Future Directions: Exploring joint (lightweight) adaptation of task vectors and vision modules, merging multiple code/reasoning vectors, or implementing layer-wise/task-adaptive merging coefficients (\(\lambda\)).

Compared to Backbone Replacement: 1-stage replacement and 2-stage projector-first training both disrupt the VLM's original visual grounding.
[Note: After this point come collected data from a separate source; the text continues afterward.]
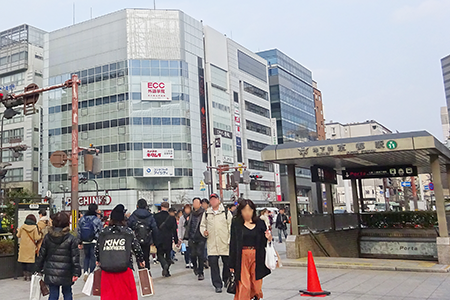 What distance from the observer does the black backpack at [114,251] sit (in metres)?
5.24

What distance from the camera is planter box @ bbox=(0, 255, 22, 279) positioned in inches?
438

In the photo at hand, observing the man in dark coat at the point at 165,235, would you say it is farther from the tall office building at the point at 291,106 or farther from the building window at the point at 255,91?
the tall office building at the point at 291,106

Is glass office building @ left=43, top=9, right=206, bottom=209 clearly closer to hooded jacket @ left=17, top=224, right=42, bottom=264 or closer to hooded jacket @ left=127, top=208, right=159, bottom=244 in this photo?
hooded jacket @ left=17, top=224, right=42, bottom=264

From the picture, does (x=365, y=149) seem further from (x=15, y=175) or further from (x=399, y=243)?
(x=15, y=175)

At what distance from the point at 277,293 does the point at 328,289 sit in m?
1.01

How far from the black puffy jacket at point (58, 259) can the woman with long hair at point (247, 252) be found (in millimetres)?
2133

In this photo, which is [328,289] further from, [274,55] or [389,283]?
[274,55]

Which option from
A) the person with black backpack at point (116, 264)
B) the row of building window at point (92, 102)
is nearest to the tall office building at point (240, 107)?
the row of building window at point (92, 102)

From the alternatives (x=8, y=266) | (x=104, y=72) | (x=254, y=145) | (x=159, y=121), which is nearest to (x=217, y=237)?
(x=8, y=266)

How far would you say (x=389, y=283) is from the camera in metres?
8.72

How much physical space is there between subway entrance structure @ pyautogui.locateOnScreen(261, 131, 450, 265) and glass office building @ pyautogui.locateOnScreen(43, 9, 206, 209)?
143 feet

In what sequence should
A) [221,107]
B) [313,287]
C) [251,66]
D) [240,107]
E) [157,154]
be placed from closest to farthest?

VisCodex preserves visual grounding while injecting code expertise, yielding better results on vision-dense tasks.
Compared to HTML Datasets like Web2Code: Web2Code has issues with aesthetic quality and broken CSS; this work uses image-driven generation and Playwright filtering to create 200k higher-quality pairs.
Compared to other Merging-based MLLMs: While other works used merging for VQA or math reasoning, this work is the first to demonstrate its effectiveness for multimodal code generation, providing both the MCD dataset and InfiBench-V benchmark.

Rating¶

Novelty: ⭐⭐⭐⭐ Applying model merging to multimodal code generation and verifying the effectiveness of backbone-only modification is a clear and effective insight.
Experimental Thoroughness: ⭐⭐⭐⭐⭐ Comprehensive evaluation across four benchmarks and multiple ablations (merging vs replacement, model selection).
Writing Quality: ⭐⭐⭐⭐ Well-structured flow from motivation to data construction and evaluation.
Value: ⭐⭐⭐⭐⭐ High practical value by creating an open-source multimodal code generator approaching GPT-4o performance and releasing a large dataset/benchmark.